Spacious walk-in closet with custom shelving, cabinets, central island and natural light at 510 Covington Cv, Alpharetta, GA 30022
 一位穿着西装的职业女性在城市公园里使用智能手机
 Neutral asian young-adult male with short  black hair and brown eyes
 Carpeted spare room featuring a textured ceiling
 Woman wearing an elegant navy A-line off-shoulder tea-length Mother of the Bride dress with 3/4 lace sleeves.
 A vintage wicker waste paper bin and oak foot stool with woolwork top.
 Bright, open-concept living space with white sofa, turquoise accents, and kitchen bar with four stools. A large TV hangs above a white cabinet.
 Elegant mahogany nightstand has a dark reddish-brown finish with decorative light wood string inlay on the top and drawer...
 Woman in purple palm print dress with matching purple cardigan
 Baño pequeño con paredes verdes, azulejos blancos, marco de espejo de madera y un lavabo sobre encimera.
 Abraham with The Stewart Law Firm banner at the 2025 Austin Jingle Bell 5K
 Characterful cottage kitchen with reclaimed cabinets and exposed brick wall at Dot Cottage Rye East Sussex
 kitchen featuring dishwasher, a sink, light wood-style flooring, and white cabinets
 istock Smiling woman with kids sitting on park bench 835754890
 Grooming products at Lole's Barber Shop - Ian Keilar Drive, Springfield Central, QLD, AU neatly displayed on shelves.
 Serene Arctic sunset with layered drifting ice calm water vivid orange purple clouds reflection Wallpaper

▸ **YOUR OBJECTIVE**
Return a word-for-word copy of the lines above from the one holding "Abraham with The" through the one holding "istock Smiling woman", with both of them included and nothing besides.

▸ **OUTPUT OF THE TASK**
 Abraham with The Stewart Law Firm banner at the 2025 Austin Jingle Bell 5K
 Characterful cottage kitchen with reclaimed cabinets and exposed brick wall at Dot Cottage Rye East Sussex
 kitchen featuring dishwasher, a sink, light wood-style flooring, and white cabinets
 istock Smiling woman with kids sitting on park bench 835754890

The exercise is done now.